# Data Pipeline Orchestration with Dagster Assets

In this notebook we will get to know the basics of dagster Assets. Therefore, we will create a simple data pipeline for preprocessing.

**Dagsters definition of Asset and SDA:**
> An asset is an object in persistent storage, such as a table, file, or persisted machine learning model. A software-defined asset is a description, in code, of an asset that should exist and how to produce and update that asset.

In our use case we have a look at a song data set from Spotify. We want to clean the data, find and remove duplicates and prepare it, so we could use it to predict a songs music genre.

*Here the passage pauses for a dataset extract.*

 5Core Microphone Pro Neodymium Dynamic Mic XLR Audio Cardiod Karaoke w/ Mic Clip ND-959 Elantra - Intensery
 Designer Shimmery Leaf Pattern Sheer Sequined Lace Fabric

Therefore, we planned a small preprocessing pipeline wich will perform the following steps:

1. Load song data -> `song_data` Asset
2. Remove unnecessary data -> `data_cleaned` Asset
3. Extract Duplicates -> `duplicates` Asset
4. Deduplicate data -> `data_deduplicated` Asset
5. Perform one-hot-encoding on the `key` column -> `data_encoded` Asset
6. Standardize columns with a wide value range and save as a csv -> `data_standardized` Asset

The code for these tasks is already provided. All you need to do is put their logic together in the form of a dagster asset graph.

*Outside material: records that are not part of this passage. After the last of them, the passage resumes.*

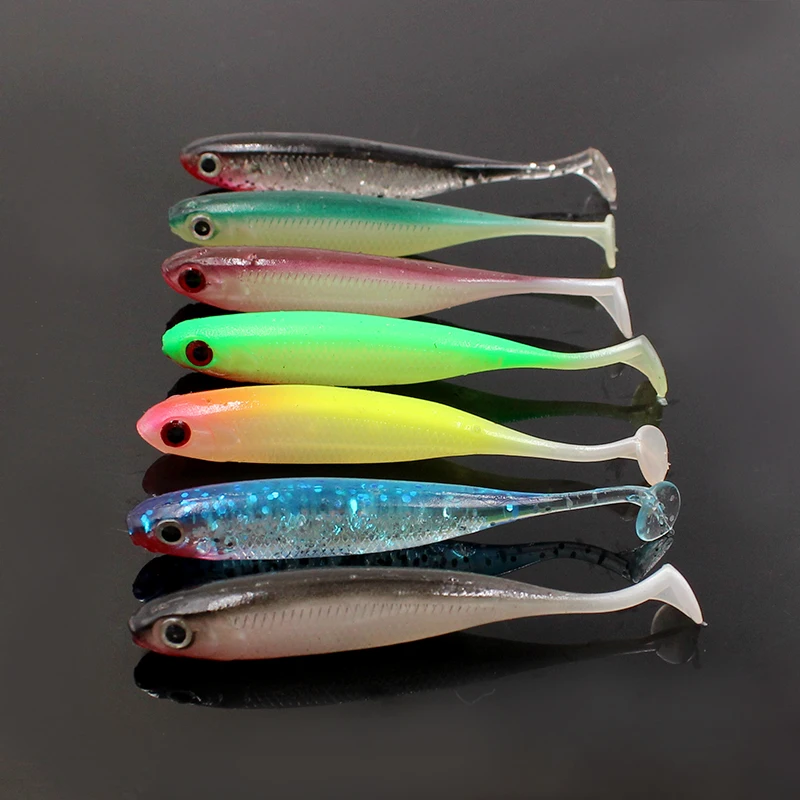 

10pcs 2.6g /70mm Soft Fishing Lure Artificial Baits Plastic For River Fishing 3D Eyes Lure Decoy Fishing Shad Lure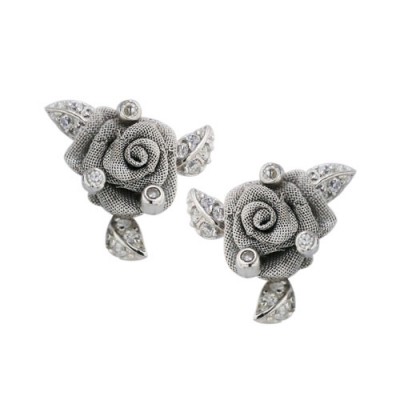 Sterling Silver Earring 10mm Rhodium Plating Plating Mesh Flower (Brass) with Clear Cubic Zirconia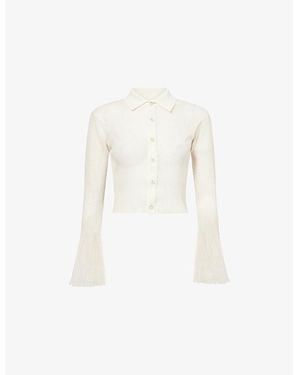 CFCL Hypha Sheer Glitter Pleated Woven Cardigan - White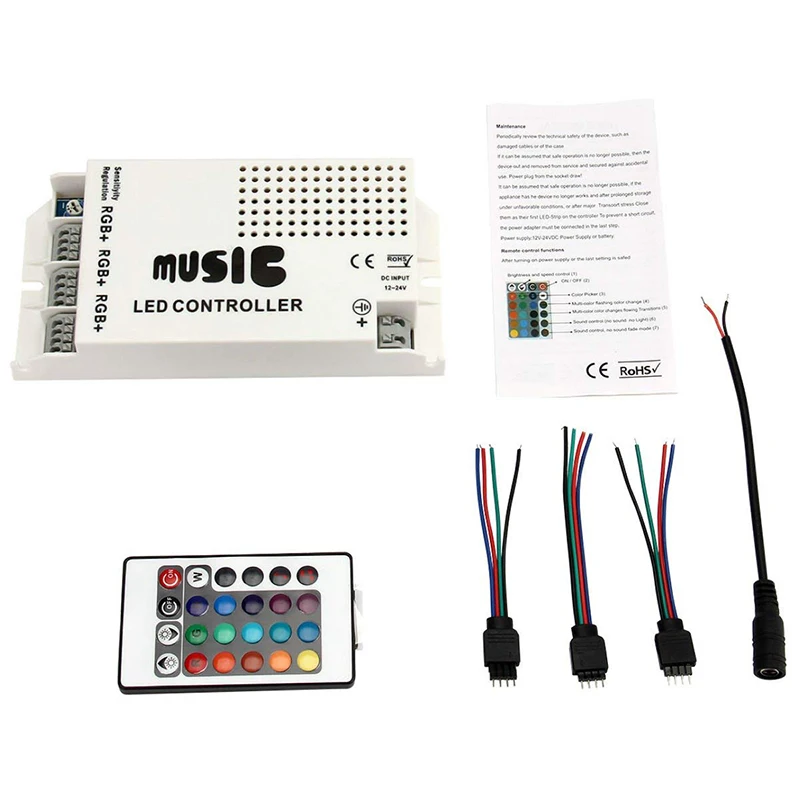 IR Music Sound Control Wireless Remote Control LED RGB 12-24V 24 Keys Led Controller Dimmable for 3528 5050 RGB Strip Lights
IR Music Sound Control Wireless Remote Control LED RGB 12-24V 24 Keys Led Controller Dimmable for 3528 5050 RGB Strip Lights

After the definitions are complete, we will have a look at the dagster UI and materialize the assets.
In the end, we will define Asset jobs as an alternative way to materialize a set of assets and run them in the UI.

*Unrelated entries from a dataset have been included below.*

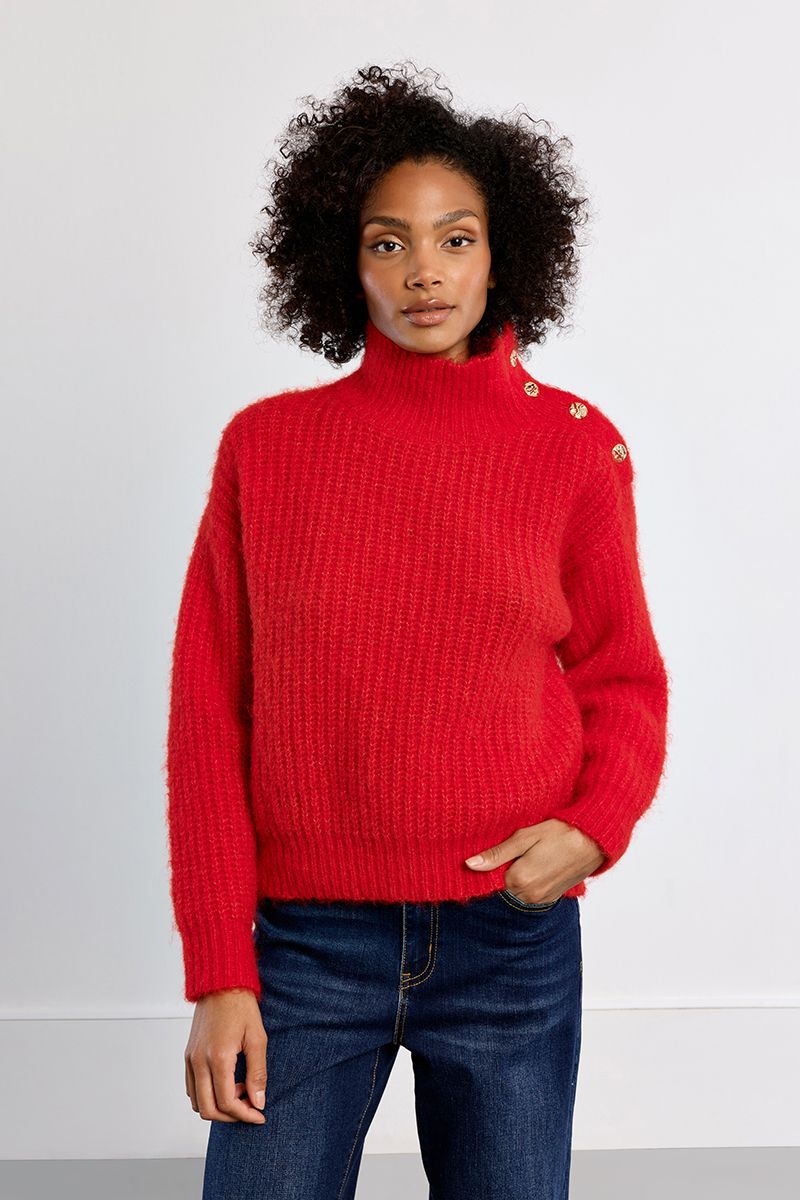 Pull col montant, uni, LILI SIDONIO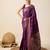 Purple woven embellished self design pure silk kanjivaram saree with blouse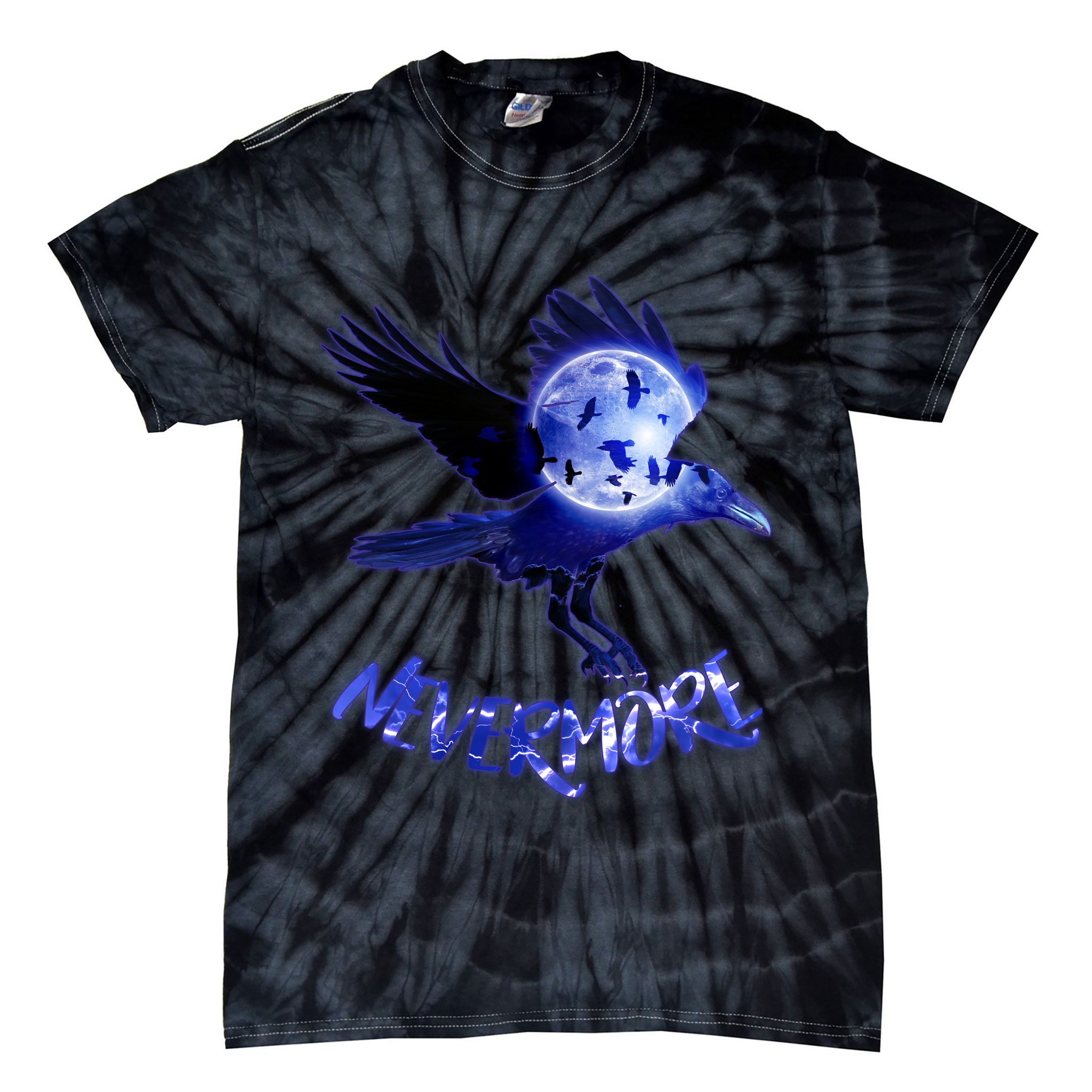 Nevermore Raven Halloween Tie-Dye T-Shirt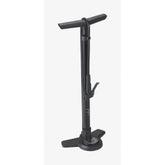 BBB AirBoost Floor Pump with Gauge BFP-28 showing dual head valve and digital pressure gauge for precise bike tire inflation.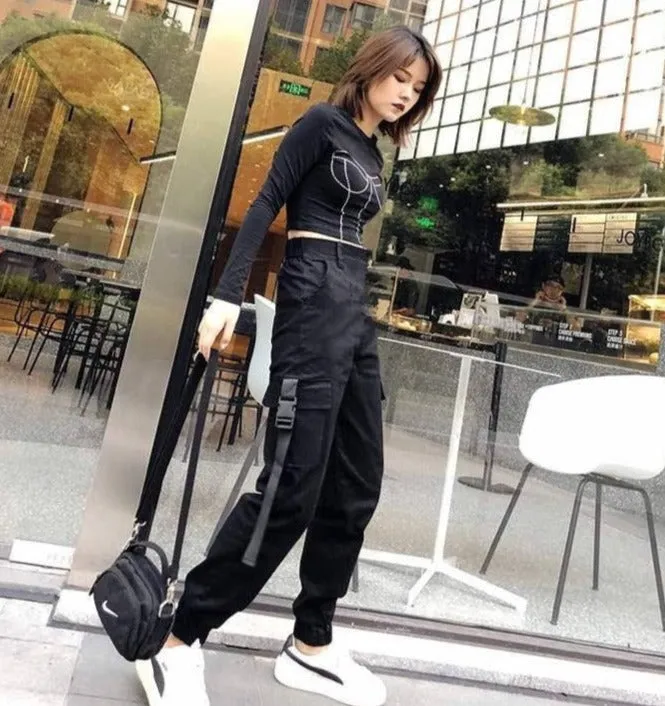 Cargo Pants With High-Waist And Pockets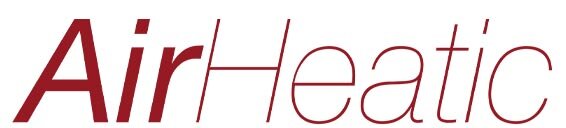 Logo z napisem \'AirHeatic\' w kolorze czerwonym na białym tle.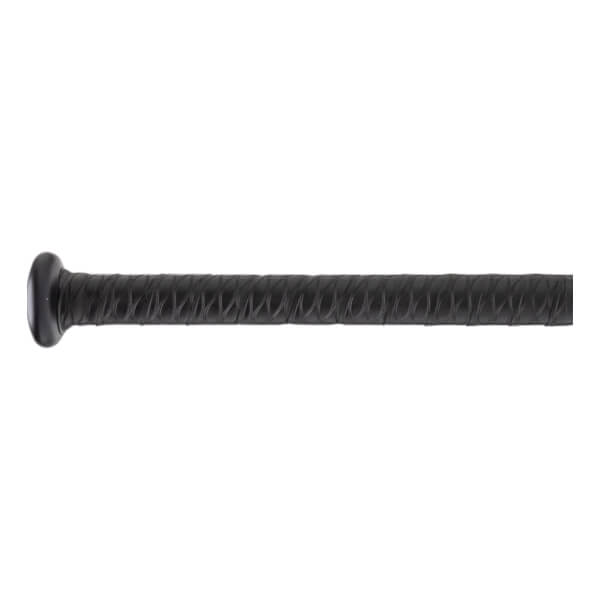 Close-up side view of a black bat handle with a textured, spiral-wrapped grip and a black knob.
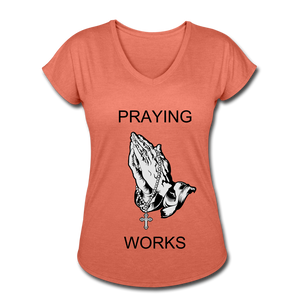 Women's Ndabldg "PRAYING WORKS" V-Neck T-Shirt - heather bronze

Here are the imports, we will need for the whole task.

In [None]:
from typing import List
import pandas as pd
from dagster import asset, Config, Output, define_asset_job, Definitions, AssetSelection
from pandas import DataFrame

## 1) Load song data

 The function `load_data` contains the logic, with wich the asset is generated.
 `DataConfig` is a dagster config class which makes it possible to adjust the materialization of the asset. For example, by providing a different `input_file` path. You will see, that this config, can be modified via the dagster UI, without changing the underlying code. This means, that by providing an asset config, the SDA is very flexible.
 
By adding the `asset` decorator to the `load_data` function, you define it as a dagster asset and could already use and see it via the dagster UI.
We want to give some more information about the asset. As `load_data` is not a good name for a data instance, rename the asset to `song_data` and give it a proper description. Both can be done by modifying the 'asset' decorator.

In [None]:
class DataConfig(Config):
    input_file: str = "data/genres_v2.csv"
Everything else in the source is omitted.